We're delighted to share that Jim Crace's beautiful novel, HARVEST has been longlisted for the IMPAC Dublin Literary Award.
142 books have been nominated by libraries worldwide for the €100,000 International IMPAC DUBLIN Literary Award, the world’s most valuable annual literary prize for a single work of fiction published in English. Nominations for the 2015 Award include 49 novels in translation with works by 37 American, 19 British, 9 Canadian, 9 Australian and 7 Italian authors. Organised by Dublin City Council, the 2015 Award was launched today by the Lord Mayor of Dublin, Christy Burke, Patron of the Award, at a ceremony in The Dublin City Library & Archive.
The Award is managed by Dublin City Council’s library service. Margaret Hayes, Dublin City Librarian, announced that the 142 books eligible for the 2015 award were nominated by libraries in 114 cities and 39 countries worldwide; noting that ‘49 are titles in translation, spanning 16 languages and 29 are first novels. Readers at home and abroad will find new books and new authors on the longlist, and they can pit themselves against the international panel of judges and pick their own favourite, before the Lord Mayor announces the twentieth winner on 17th June next year’.
As late summer steals in and the final pearls of barley are gleaned, a village comes under threat. A trio of outsiders – two men and a dangerously magnetic woman – arrives on the woodland borders and puts up a make-shift camp. That same night, the local manor house is set on fire.

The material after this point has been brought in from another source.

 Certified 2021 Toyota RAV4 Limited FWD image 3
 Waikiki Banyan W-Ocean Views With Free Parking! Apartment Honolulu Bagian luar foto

Over the course of seven days, Walter Thirsk sees his hamlet unmade: the harvest blackened by smoke and fear, the new arrivals cruelly punished, and his neighbours held captive on suspicion of witchcraft. But something even darker is at the heart of his story, and he will be the only man left to tell it . . .
Told in Jim Crace’s hypnotic prose, Harvest evokes the tragedy of land pillaged and communities scattered, as England’s fields are irrevocably enclosed. Timeless yet singular, mythical yet deeply personal, this beautiful novel of one man and his unnamed village speaks for a way of life lost for ever.